By JOSEPH SAPIA
Since leaving Asbury Park years ago, Dr. Joseph Agris has led an accomplished life: successful domestic plastic surgeon and “Dr. Angel” to many in foreign countries as a humanitarian.
Agris, 72, has been a plastic surgeon for 40 years. About 30 years ago, Agris, who has lived in the Houston area since the mid-1970s, began doing humanitarian work.
A “combination of things” led to this, including getting connected to Houston television personality Marvin Zindler. Zindler, who promoted charity work, and Agris, “over the years, we kind of hit it off,” the doctor said.
About 30 years ago, the two did a volunteer trip to Nicaragua and went on to visit almost 40 countries as a team until Zindler died six years ago at 85.
All the foreign work is reconstructive plastic surgery, about 50 percent because of burns, 20 to 30 percent because of birth defects and the rest the result of war injuries, traffic accidents and cancer.
Initially, Agris would do the charity work over a holiday or for short periods of, say, two weeks. Now, “I spend three to four months out of the year out of the country” doing the volunteer work, Agris said.
“Children first, birth to 18,” said Agris, speaking of who receives the volunteer care. “After that, it’s young people, they’re the future.
“It’s all donated,” he said. “Nobody on the team gets money.”
Over the years, the work of Agris and his fellow volunteers has translated to “millions of dollars,” he said.
“If we did more of this, maybe there would be less killing,” Agris said.
Much of this is recounted in his recently published book, “Tears on the Sand, an American doctor’s mission of mercy becomes the successful search for the world’s most wanted man.”
That man is accused terrorist Osama bin Laden, whom, the doctor says, he met through his humanitarian doctoring.
Agris “was at the same hospital” bin Laden’s wife was giving birth in Abbottabad, Pakistan.
“All of the meetings were within a year four to five years ago,” Agris said.

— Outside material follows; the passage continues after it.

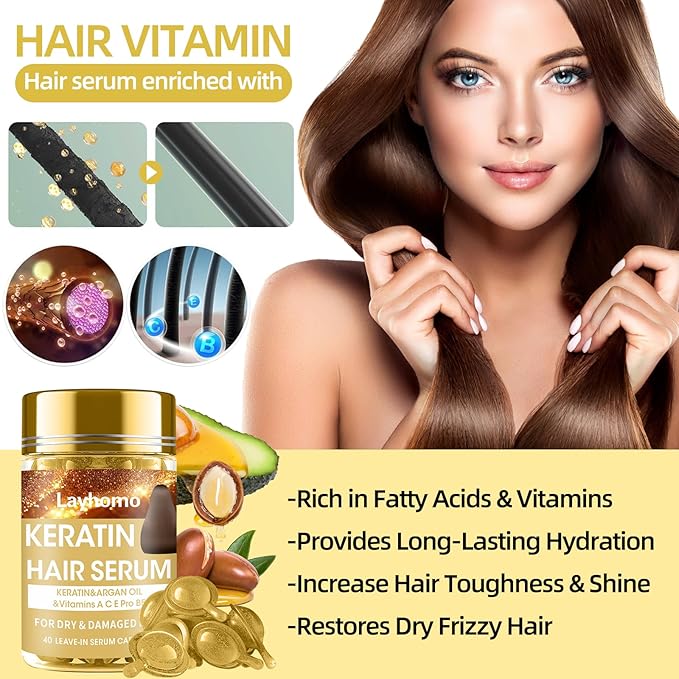 Keratin Hair Treatment Serum,Hair Oil Treatment for Dry Damaged Hair,Hair Oil Capsules with Keratin,Argan Oil-Leave-in Anti Frizz Conditioner with Vitamins A, C, E & B5- No Rinse for All Hair Types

They met at neutral locations and the meetings would last, perhaps, the entire evening. They would communicate through interpreters or Urdu, which Agris knew somewhat.
Agris, a Jew, and bin Laden, a Muslim, would talk about “religion, how we both saw the world,” Agris said.
What was bin Laden like?
“More like you were talking to a religious man,” Agris said.
Bin Laden was killed by the American military in a raid at his Abbottabad compound in 2011.
“I’ve never had trouble anyplace,” Agris said. “We have certain rules. Personal relationships, no. Religious, no. Politics, no.”
A native of Brooklyn near the old Dodgers baseball stadium, Ebbets Field, Agris’s father, Jacob, died on Thanksgiving Eve of a heart attack when Agris was 10. About four years later, his mother, Evelyn, moved him and his two brothers, Robert, now 71 and living in South Carolina, and Paul, now 70, to Asbury Park.
“I still consider that my hometown,” Agris said. “We lived on Fourth Avenue and, then, we lived on Seventh Avenue.”
He attended the Bond Street School and, in 1959, he graduated from Asbury Park High School, where he was on the varsity wrestling and track teams. He is a member of the high school’s Hall of Fame.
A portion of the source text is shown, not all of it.